Namun, ia tak hanya mengajar di Masjidil Haram. Sesuai wasiat dari leluhurnya, al-Fathani juga sangat membuka diri jika ada santri yang hendak bertanya dan menimba ilmu ke rumahnya. Ilmu yang diberikan al-Fathani semasa berada di Makkah adalah ilmu fikih, tafsir, hadis, bahasa, hingga pengetahuan manasik haji untuk para jamaah haji.
Sebagai seorang pengajar, al-Fathani dikenal sebagai guru yang mumpuni. Seperti diceritakan Syekh Abdul Jabbar, gaya bicara al-Fathani sangat teratur, tidak meledak-ledak. Cara dia menyampaikan ilmu juga mudah dipahami. Sementara dalam hal metode pengajaran, ia banyak mengadopsi cara mengajar ala Al-Azhar.

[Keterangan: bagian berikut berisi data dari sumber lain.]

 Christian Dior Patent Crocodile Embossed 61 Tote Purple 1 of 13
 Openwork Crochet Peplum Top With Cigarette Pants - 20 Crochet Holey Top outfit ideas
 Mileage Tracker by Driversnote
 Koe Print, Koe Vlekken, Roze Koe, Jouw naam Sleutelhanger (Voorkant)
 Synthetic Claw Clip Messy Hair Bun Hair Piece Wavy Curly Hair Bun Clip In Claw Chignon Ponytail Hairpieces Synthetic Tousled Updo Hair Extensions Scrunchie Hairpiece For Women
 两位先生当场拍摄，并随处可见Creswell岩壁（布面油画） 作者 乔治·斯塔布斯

Tak lupa, Syekh Jabbar juga mendeskripsikan tampilan fisik al-Fathani. Ia mengatakan, ulama kharismatik ini berperawakan sedang dan berpenampilan bersih. Jenggotnya tidak terlalu lebat. Mengenai akhlaknya, Jabbar menyebut, al-Fathani merupakan sosok yang sangat santun.
Ulama garis tengah
Al-Fathani termasuk dalam kelompok ulama garis tengah, begitu yang ditulis Haji Wan Mohd Saghir dalam buku Ulama Nusantara. Walau pernah menimba ilmu dengan tokoh Islam pembaru dan bersahabat dengan pelopor gerakan kaum muda seperti Syekh Tahir Jalaluddin al-Minankabawi, al-Fathani tak pernah menempatkan diri berseberangan dengan kaum tua. Ia tetap mengikuti Mazhab Syafi'i dan Ahlussunnah wal Jamaah. Dengan sikap seperti inilah, al-Fathani dihormati oleh kaum tua maupun muda.

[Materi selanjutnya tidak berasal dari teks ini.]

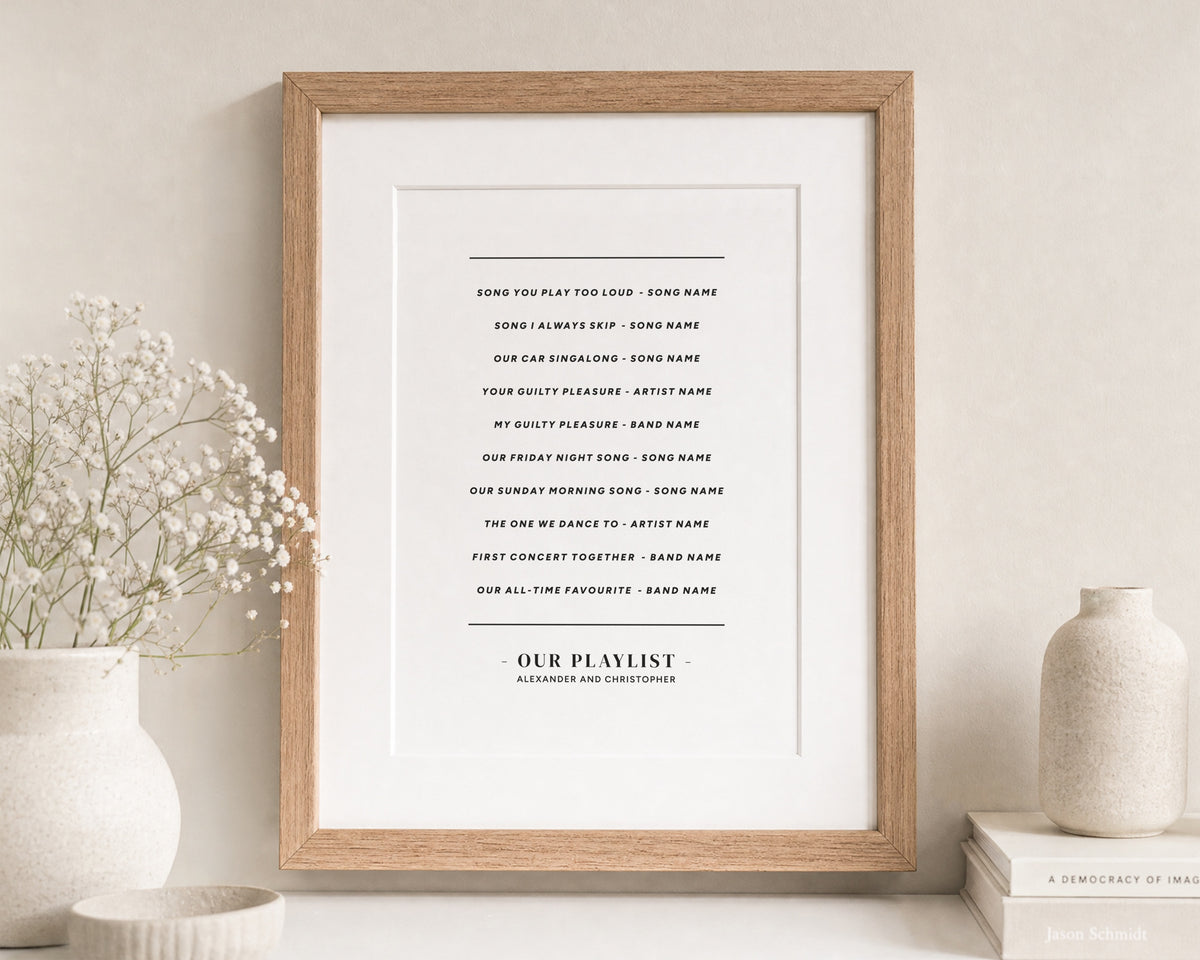 Personalised Playlist Print, Custom Song Wall Art, Couple Music Gift, Anniversary Gift, Wedding Gift, Bedroom Wall Art, Oak Framed Print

Ketika pemerintah Arab Saudi berdiri, karier keulamaan al-Fathani melejit. Ia, misalnya, pernah dipercaya sebagai Ketua Syekh Haji al-Jawi Makkah atau ketua para ulama Jawa di Makkah. Jawa di sini merujuk kepada sebutan orang Arab untuk orang Indonesia, Malaysia, Pattani, dan sekitarnya.
Al-Fathani juga pernah menjadi anggota Mudiriyyah al Ma'arif al Amah di bawah pimpinan Sayyid Shalih Syatha. Ia juga pernah menangani bagian kehakiman saat ditunjuk sebagai qadhi di Mahkamah Kubro.
Perjalanan hidup al-Fathani yang sarat dengan aktivitas mengajar dan menyemaikan nilai-nilai Islam itu akhirnya sampai pada muaranya. Malaikat maut menjemputnya pada 1363 Hijriah saat usianya 73 tahun.